Discharges to drainage swales shall be dissipated or piped to an acceptable
point.
(14)
Landscaping and planting specifications must be provided for
all stormwater management basins and be specific for each type of
basin.
(a)
Minimal maintenance, saturation-tolerant vegetation must be
provided in basins designed as water quality/infiltration BMPs.
(15)
A safety fence may be required, at the discretion of the municipality,
for any stormwater management facility. The fence shall be a minimum
of four feet high and of a material acceptable to the municipality.

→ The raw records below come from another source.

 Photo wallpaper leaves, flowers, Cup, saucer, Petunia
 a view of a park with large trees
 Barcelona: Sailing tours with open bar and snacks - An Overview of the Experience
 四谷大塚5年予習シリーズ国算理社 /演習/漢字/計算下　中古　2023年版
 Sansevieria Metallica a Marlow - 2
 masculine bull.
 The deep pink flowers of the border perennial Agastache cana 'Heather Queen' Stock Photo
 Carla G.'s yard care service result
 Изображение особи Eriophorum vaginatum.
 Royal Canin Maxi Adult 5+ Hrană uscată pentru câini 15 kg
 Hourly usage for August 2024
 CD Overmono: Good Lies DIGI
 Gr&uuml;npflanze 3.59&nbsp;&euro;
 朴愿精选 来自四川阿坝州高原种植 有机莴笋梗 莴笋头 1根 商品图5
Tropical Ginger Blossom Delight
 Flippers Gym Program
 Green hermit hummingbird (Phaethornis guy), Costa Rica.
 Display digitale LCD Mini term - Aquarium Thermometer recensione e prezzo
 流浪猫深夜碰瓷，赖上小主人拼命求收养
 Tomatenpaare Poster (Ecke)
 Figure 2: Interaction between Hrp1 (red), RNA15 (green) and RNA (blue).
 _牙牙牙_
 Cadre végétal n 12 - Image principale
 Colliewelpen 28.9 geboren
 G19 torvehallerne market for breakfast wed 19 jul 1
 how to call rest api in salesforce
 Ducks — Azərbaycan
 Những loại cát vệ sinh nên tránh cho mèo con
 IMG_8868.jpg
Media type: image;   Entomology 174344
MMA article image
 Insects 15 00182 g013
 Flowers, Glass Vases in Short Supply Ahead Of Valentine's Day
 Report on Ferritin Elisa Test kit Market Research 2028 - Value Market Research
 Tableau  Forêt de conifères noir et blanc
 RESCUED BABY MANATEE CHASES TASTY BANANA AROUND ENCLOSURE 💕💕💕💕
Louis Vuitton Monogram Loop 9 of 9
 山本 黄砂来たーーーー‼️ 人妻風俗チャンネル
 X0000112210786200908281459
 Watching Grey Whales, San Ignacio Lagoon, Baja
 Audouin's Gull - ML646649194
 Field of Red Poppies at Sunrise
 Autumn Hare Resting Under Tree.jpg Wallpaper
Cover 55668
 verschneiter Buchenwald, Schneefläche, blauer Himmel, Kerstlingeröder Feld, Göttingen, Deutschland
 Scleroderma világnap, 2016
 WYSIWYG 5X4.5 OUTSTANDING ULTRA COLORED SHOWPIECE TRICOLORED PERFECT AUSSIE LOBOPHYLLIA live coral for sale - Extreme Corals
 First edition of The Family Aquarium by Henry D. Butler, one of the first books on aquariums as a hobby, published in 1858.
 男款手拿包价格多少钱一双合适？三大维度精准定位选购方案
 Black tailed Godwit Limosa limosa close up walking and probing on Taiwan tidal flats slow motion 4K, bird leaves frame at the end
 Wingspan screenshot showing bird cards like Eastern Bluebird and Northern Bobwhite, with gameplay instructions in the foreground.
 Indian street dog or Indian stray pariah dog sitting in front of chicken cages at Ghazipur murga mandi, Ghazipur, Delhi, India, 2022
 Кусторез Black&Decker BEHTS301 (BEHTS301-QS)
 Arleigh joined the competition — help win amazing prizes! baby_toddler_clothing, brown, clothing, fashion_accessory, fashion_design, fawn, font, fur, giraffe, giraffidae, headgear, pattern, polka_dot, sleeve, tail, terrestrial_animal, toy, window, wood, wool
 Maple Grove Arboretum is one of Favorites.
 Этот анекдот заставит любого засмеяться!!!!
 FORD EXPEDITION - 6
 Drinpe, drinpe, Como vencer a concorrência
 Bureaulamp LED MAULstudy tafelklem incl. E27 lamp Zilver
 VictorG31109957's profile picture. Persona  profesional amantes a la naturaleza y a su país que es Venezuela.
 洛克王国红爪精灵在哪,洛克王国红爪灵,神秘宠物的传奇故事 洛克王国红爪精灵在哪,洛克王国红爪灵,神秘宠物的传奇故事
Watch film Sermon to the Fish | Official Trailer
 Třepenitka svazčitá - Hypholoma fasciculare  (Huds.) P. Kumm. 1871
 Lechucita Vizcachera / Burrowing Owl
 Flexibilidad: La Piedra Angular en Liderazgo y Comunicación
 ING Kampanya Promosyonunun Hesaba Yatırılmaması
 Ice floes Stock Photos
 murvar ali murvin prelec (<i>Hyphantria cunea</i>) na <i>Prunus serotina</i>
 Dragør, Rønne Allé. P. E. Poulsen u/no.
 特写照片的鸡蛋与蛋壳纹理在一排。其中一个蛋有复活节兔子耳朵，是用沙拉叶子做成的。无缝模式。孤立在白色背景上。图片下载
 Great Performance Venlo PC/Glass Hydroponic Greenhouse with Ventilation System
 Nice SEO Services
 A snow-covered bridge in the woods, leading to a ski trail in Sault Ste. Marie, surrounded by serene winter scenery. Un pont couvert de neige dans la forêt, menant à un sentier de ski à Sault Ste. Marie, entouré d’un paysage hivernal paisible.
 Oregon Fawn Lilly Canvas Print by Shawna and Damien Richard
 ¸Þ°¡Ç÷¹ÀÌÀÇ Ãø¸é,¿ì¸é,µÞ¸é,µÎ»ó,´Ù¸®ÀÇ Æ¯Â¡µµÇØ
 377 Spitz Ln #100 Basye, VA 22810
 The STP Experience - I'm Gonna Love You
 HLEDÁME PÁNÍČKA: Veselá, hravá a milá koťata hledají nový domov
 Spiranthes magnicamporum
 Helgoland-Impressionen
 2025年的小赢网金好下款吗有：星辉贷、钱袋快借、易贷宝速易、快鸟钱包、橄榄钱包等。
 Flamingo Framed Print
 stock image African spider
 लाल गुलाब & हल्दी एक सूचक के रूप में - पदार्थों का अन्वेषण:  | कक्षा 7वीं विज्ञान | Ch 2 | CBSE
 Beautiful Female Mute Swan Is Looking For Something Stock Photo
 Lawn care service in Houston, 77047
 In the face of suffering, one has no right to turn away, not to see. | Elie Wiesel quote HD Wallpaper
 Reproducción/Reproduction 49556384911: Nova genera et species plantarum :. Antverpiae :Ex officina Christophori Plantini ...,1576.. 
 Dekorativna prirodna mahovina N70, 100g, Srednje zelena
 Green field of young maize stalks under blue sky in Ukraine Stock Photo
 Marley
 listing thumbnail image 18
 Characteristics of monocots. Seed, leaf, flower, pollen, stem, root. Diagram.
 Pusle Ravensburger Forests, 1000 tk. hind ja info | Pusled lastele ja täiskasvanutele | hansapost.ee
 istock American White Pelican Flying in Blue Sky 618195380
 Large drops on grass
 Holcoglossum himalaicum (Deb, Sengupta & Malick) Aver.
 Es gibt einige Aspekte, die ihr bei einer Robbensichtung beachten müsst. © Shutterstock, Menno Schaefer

A gate with a minimum opening of 10 feet shall be provided for maintenance
access.
(16)
Karst. The following apply to all stormwater management facilities
located within karst topography.
(17)
Principal outlet structures. The primary outlet structure shall
be designed to pass all twenty-four-hour design storms (up to and
including the one-hundred-year event) without discharging through
the emergency spillway. All principal outlet structures shall:
(a)
Be constructed of reinforced concrete or an alternative material
approved by the Municipal Engineer. When approved for use, all metal
risers shall:
[1]
Be suitably coated to prevent corrosion.
[2]
Have a concrete base attached with a watertight connection.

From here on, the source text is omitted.